Deferencia

constitución


Por Joaquín Trujillo, Centro de Estudios Públicos

Una de las tragedias más antiguas, “Los persas”, muestra al rey Jerjes saliendo soberbio contra los griegos; a su madre, la viuda del rey Darío, con sueños premonitorios y a Jerjes y los restos de su ejército regresando derrotados. Se trata de un réquiem de guerra en honor de los vencidos que, sin embargo, no fue escrito por un persa, sino que por un griego, es decir, un enemigo. Lo mismo pasa con las tragedias del ciclo troyano. Un griego celebra a las víctimas de la guerra de Troya y juzga severamente a los vencedores, a los griegos, a los suyos.

El poeta Ercilla creyó ver en los mapuches a héroes mitológicos, no a simples aborígenes que había que liquidar. O el almirante Grau: su misiva a la viuda de Prat es una carta del humanismo.

Salvador Allende que homenajeaba al historiador Domingo Amunátegui figura de la derecha liberal. Francisco Bulnes que defendió, con éxito, a Carmen Lazo cuando derechistas de otras latitudes osaron segregarla durante un encuentro internacional de parlamentarios.

La historia de Occidente, América, Chile, está repleta de casos notables en que los seres humanos exhiben eso apenas perceptible que se llama: deferencia. La deferencia no es lo mismo que la reciprocidad (hoy por mí, mañana por ti); es más bien una suerte de liberalidad, o sea, un dar sin esperar mucho a cambio (porque dar -o, mejor dicho, recibir- sin esperar nada a cambio se llama masoquismo). Si la tan vapuleada civilización occidental tiene algo rescatable es ese principio, el de la deferencia, que impide que los lazos, incluso los más débiles, se rompan irremediablemente.
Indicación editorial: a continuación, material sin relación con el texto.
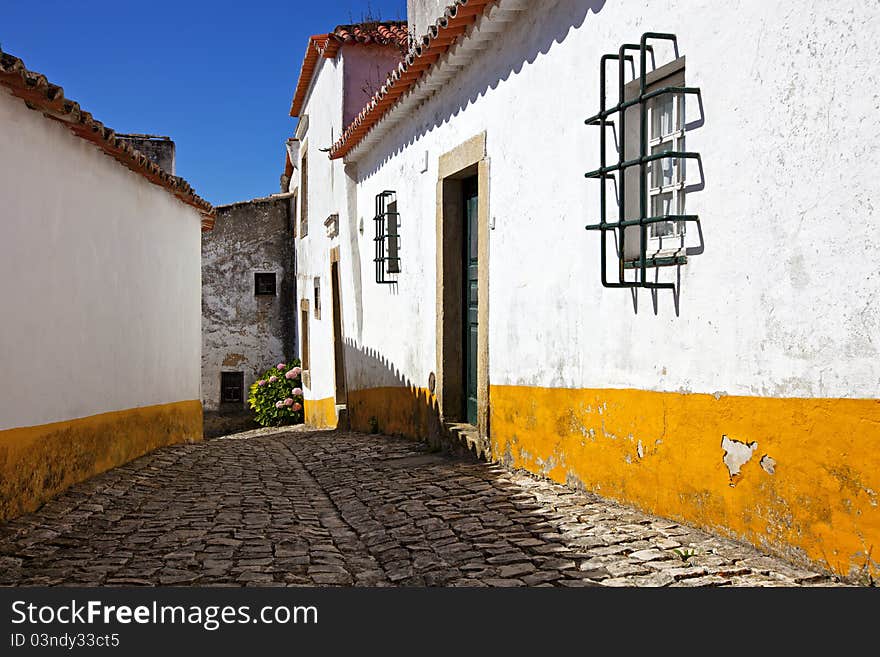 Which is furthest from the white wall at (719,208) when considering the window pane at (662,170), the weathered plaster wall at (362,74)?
the weathered plaster wall at (362,74)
El mismo principio que desentierra pueblos vencidos y los reconoce es el que hace bueno el día saludando “buenos días”.

Se cuenta que el entonces recién llegado a Chile, Andrés Bello, habría participado activamente en la redacción de la Constitución de 1833. Se sabe que su adversario, el también poeta José Joaquín de Mora había hecho lo propio con la anterior, la más progresista Constitución de 1828.

Estas dos constituciones estuvieron separadas por un duro enfrentamiento armado que tuvo en la Batalla de Lircay su momento cúlmine. De Mora se retiró de Chile para nunca volver. Bello lo reemplazó en muchas de sus empresas. Ambos no se querían y puede decirse que se trató de una de las primeras guerrillas literarias.

Pero, ante todo, Bello, cuando se refirió a la Constitución de 1833, la llamó “la reforma de la Constitución de 1828”. ¿Era realmente una reforma? Difícilmente, pero lo cierto es que en esa retórica pública estaba operando ese principio, el de la deferencia.

En 1980, cuando Pinochet celebraba la recién inaugurada Constitución de 1980, no la llamaba “la reforma de la Constitución de 1925”, sino que festinaba “la nueva Constitución”, la suya.

Y seguramente decía la verdad, pues la deferencia tal vez sea la más blanca de todas las mentiras, aquellas por las cuales sobrevivimos a la cruda realidad, que siempre puede ser peor.